## GIVEN DATA:
* * *
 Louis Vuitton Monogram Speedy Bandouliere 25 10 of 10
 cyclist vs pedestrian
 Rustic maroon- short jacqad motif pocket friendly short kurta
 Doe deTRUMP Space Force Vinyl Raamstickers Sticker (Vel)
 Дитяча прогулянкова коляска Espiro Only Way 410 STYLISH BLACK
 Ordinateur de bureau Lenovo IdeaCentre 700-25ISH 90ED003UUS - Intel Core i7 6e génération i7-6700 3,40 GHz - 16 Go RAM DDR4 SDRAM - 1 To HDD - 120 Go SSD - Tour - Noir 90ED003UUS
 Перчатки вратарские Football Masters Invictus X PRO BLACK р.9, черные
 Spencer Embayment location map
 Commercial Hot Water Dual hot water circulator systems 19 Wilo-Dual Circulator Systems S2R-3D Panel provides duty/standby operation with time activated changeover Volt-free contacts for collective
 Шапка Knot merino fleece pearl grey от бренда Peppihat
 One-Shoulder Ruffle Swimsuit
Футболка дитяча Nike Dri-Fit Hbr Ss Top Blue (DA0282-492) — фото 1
* * *
Wherever a line contains the string "BLACK", copy that line from the data.

 Дитяча прогулянкова коляска Espiro Only Way 410 STYLISH BLACK
 Перчатки вратарские Football Masters Invictus X PRO BLACK р.9, черные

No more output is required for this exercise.